◆ EXERCISE REQUIREMENTS:
Skip the pictures and write out, word for word, the lines below from the one with "LADA (VAZ) Kalina" through the one with "Brussels Marriott Hotel", inclusive.

◆ EXTRACTED RECORDS:
----

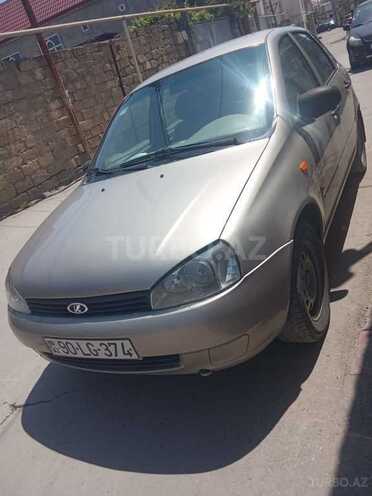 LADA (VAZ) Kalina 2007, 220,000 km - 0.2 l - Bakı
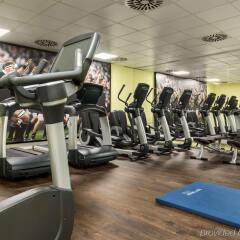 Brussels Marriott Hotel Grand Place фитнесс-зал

----

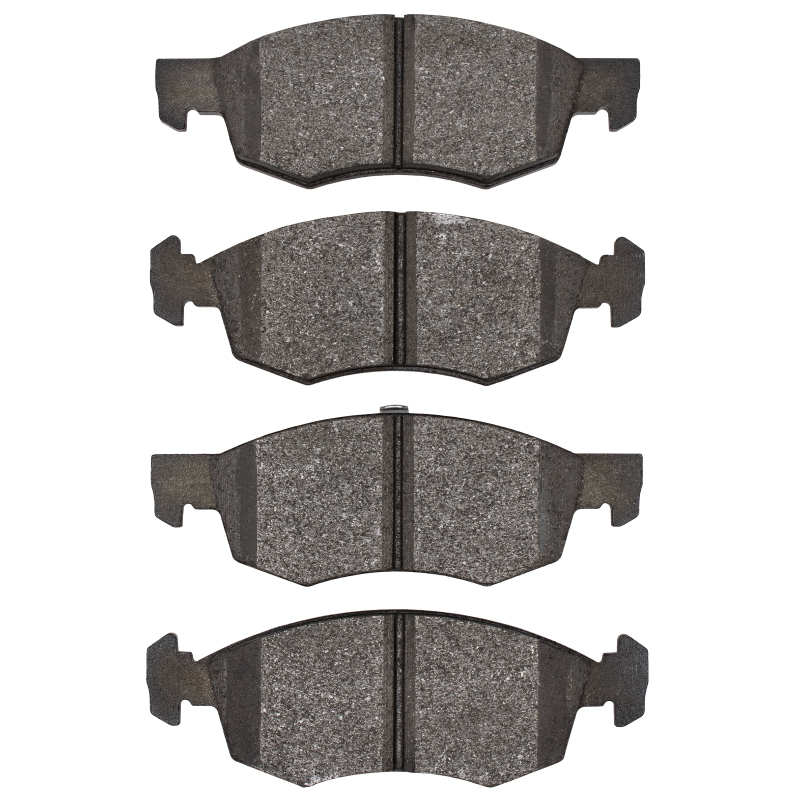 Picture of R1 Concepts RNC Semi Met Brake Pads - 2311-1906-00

----

◆ ANSWER TO THE PROBLEM:
 LADA (VAZ) Kalina 2007, 220,000 km - 0.2 l - Bakı
 Brussels Marriott Hotel Grand Place фитнесс-зал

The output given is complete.